ABSTRACT

It is well understood that the key for successful Semantic Web applications depends on the availability of machine understandable meta-data. We describe the Information Grid, a practical approach to the Semantic Web, and show a prototype implementation. Information grid resources span all the data in the organization and all the metadata required to make it meaningful. The final goal is to let organizations view their assets in a smooth continuum from the Internet to the Intranet, with uniform semantically rich access.

Categories and Subject Descriptors

H.3.3 [Information Search and Retrieval] Search process; clustering; H.2 [Database management] General

General Terms: Design, Management.

Keywords: Semantic Web, RDF, search, browsing, clustering, meta-data, information visualization, databases, tools, user interface.

1. INTRODUCTION

WWW 2006, May 23–26, 2006, Edinburgh, Scotland.

ACM 1-59593-323-9/06/0005.

Two somewhat contrary-sounding drivers fuel the current trend in enterprise data management: virtualization and convergence. Virtualization is a framework for dividing up the resources of an organization into multiple execution environments, by applying one or more technologies such as hardware clustering, software partitioning, application modularization, emulation, and so on. The driver behind virtualization is the lowering of cost. Convergence, on the other hand, seeks to bring together the management of all your data assets. Today, a small percentage of the world’s information is managed, and most of what is found to be valuable to manage (e.g. capture, store, index, search, analyze) falls into the category of structured data. Being able to manage the remaining data is what convergence is all about. In XML we finally have a data model that is capable of addressing highly structured data, textual unstructured-data, and anything semi-structured in between. The real driver behind convergence is better business intelligence across all your assets. When unstructured information becomes a managed resource, it can be integrated into more day-to-day organizational processes, such as search and compliance. Moving towards a new data management architecture based on XML-backed information repositories will be a key future step for organizations. We call this architecture, which combines virtualization and convergence, the information grid.

2. THE INFORMATION GRID

The resources in the information grid span all the data in the organization, as well as all the metadata required to make that data meaningful. This data may be structured, semi-structured, or unstructured, stored in any location, such as databases, local file systems, or email servers, and created by any application. The vision for the information grid builds on the vision of the semantic web; the goal is to enable organizations to view all their assets in a smooth continuum, from the Internet to the Intranet, with uniform semantically rich access.

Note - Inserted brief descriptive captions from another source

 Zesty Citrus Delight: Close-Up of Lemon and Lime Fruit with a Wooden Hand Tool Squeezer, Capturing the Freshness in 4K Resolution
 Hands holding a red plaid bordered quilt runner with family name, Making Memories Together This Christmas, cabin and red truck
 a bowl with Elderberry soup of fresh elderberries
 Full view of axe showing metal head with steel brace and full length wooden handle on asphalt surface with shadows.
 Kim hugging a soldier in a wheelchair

Within an application grid, individual modules run on different parts of the infrastructure, with sharing of application state and control enabled via web services. Each module, however, is still tightly coupled to its data – say database, file-system, mail server – and intelligence about the data have to be compiled into the application module. An information grid, in contrast, is self-describing; the application modules can discover what sources exist, what data they possess, what the life cycle of that data is, and how that data should be interpreted.

The main components of the information grid are: 1) Repository, Metadata and Service Management, 2) Semantic Crawlers and Search, 3) Information Presentation and Visualization, and 4) Inference.

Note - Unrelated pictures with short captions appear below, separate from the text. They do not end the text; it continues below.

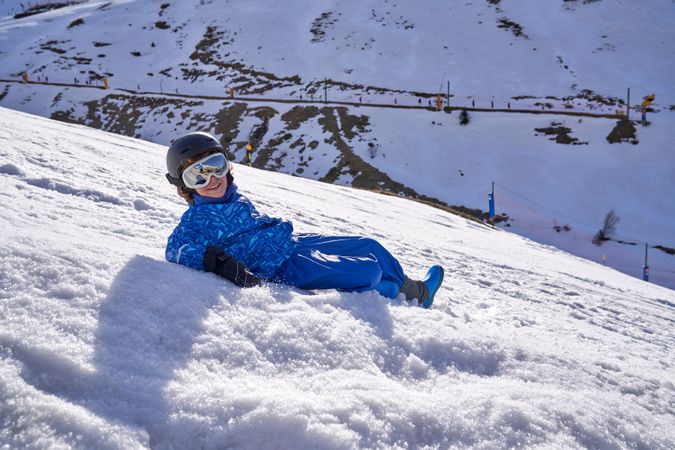 Child lying on snowy slope
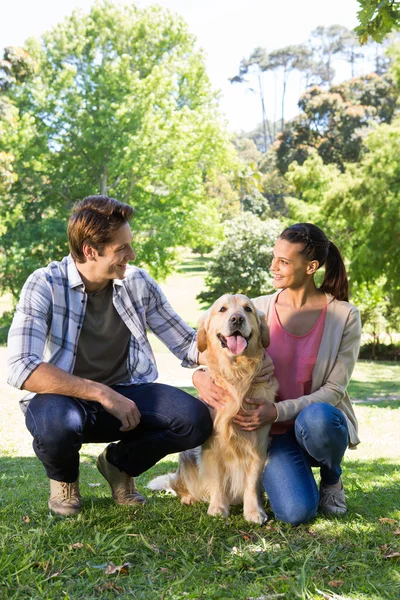 Pareja feliz con su perro en el parque — Foto de Stock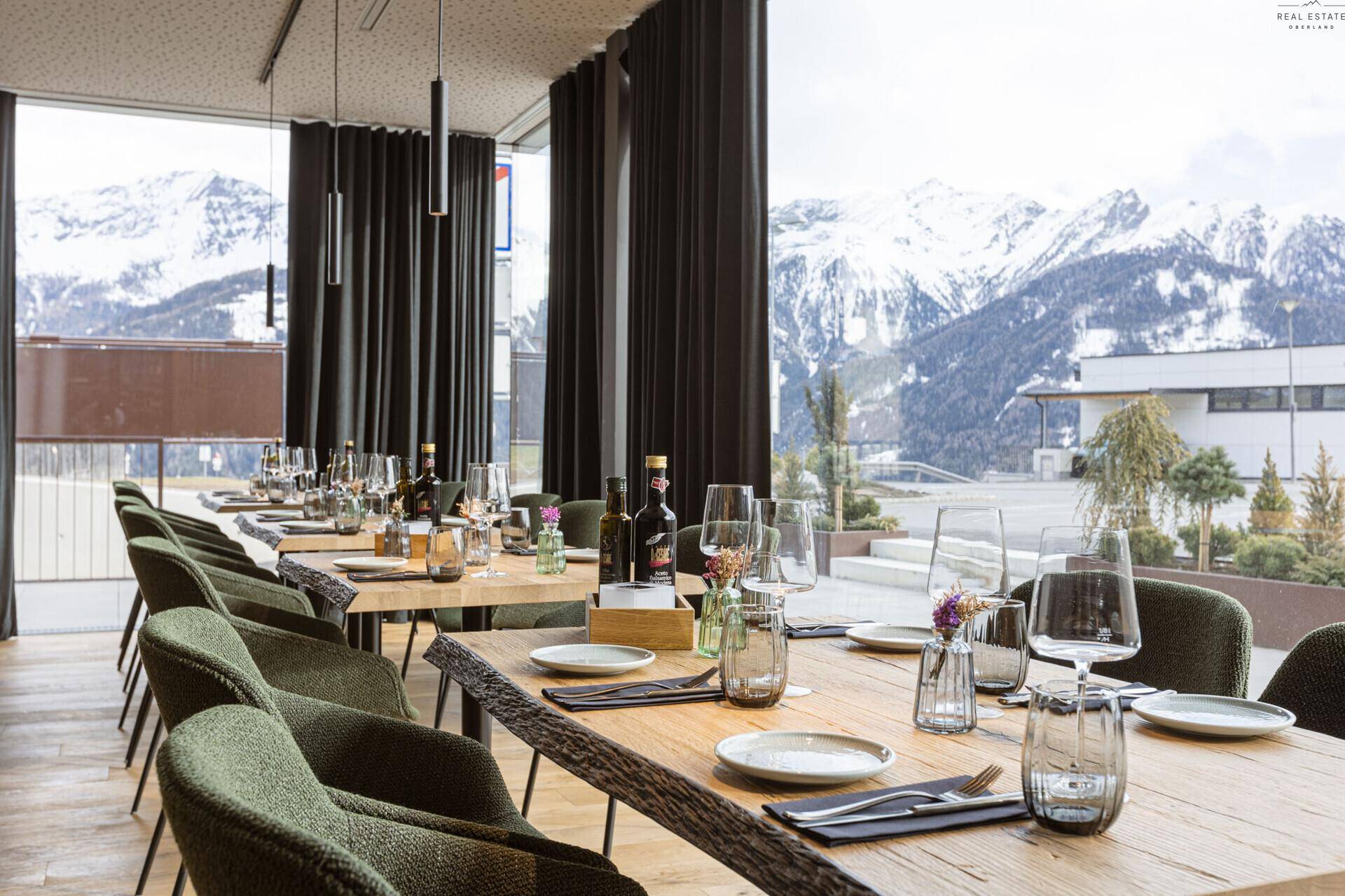 Nahaufnahme der gedeckten Tische im Essbereich mit Panoramablick auf die schneebedeckten Berge durch große Fenster.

3. OVERVIEW OF ORACLE TECHNOLOGY

In this section we briefly summarize the main features of the Oracle database in the context of an information grid [3].

· XDB Repository. Oracle XDB provides a storage independent, content independent, and programming language independent infrastructure to store and manage XML data.

· Search API. Oracle provides a rich full-text search API that can be used to build information retrieval applications.

· RDF support. The RDF data model supports three types of database objects: model (RDF graph consisting of a set of triples), rulebase (set of rules), and rule index (RDF graph) [4].

4. PROTOTYPE

GIO was written in Java and leverages all the Oracle10gR2 features that were described in the previous section. We have used the DBLP digital library collection that provides a copy of the data set in RDF as well as a simple ontology in OWL.

GIO’s architecture consists on several back end processes that capture data, extract metadata, and creates indexes; along with other computations that manipulates the RDF data set. The other aspect of GIO is a servlet that provides search, browsing, clustering, and visualization features using tree maps and social networks (figure 1).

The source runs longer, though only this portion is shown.